Author Robert Stone takes to teaching and life on the go

April 06, 1993|By Tim Warren | Tim Warren,Book Editor

He hasn't had much time to get to know Baltimore very well. But in the three months since Robert Stone joined the faculty of the Johns Hopkins University Writing Seminars, he's gotten a thorough reacquaintance with teaching -- and found that he missed it.

"It's probably the first teaching I've done in six years, and it's been fun," says Mr. Stone, who previously taught at several other universities, including Harvard, Princeton, Amherst and Stanford. "At this point, it's been very busy, because I've had a paperback book tour [for 'Outerbridge Reach,' his last novel], and a couple of other things going on. I'm also trying to start a novel. But I find it stimulating."

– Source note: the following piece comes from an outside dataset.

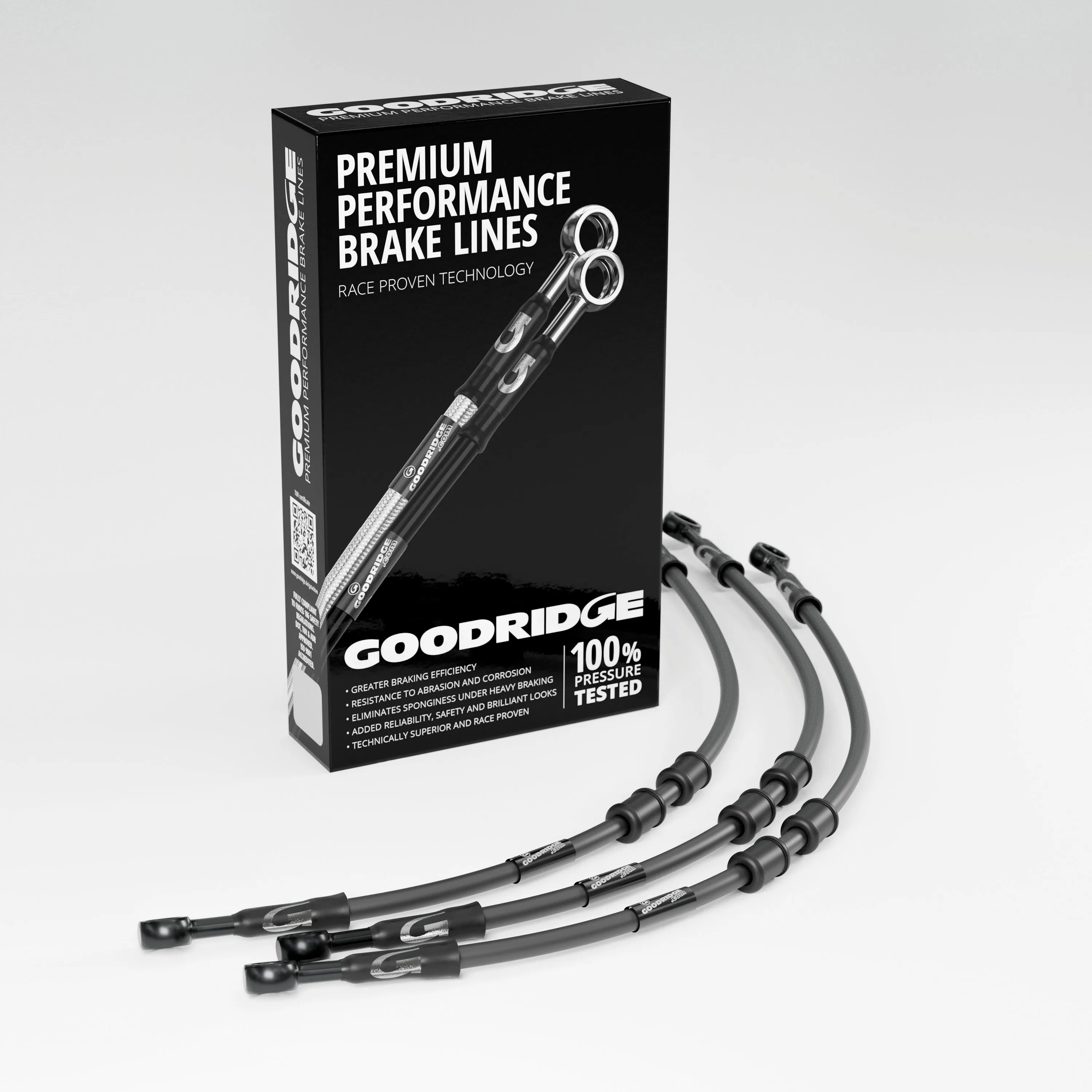 BRAKE HOSE KIT FOR SUZUKI VZR1800 BOULEVARD 11-17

FTC Mr. Stone, 55, is considered one of the leading fiction writers in this country, the author of such acclaimed novels as "A Hall of Mirrors," "Dog Soldiers" and "A Flag for Sunrise." He had begun "A Hall of Mirrors" when he was accepted into Stanford University's creative writing program in the early 1960s, and he still feels his time there helped him enormously as a writer.

"My associations with it are extremely positive," says Mr. Stone, who will read from one of his short stories tonight at Hopkins. "I went into it in a trusting way, which is what you have to do. And they were committed to helping you get done what you had to get done."

At Hopkins, he's teaching a graduate workshop and an undergraduate course (after this semester, he will teach at Hopkins every fall). "In the graduate workshop, in particular, we have a real good group -- very diverse," says Mr. Stone, looking the picture of a writing instructor with a full beard, graying hair curling around his collar and casual dress (pullover sweater, chinos). "I have one student who is doing wonderful things with her experience growing up in blue-collar Baltimore."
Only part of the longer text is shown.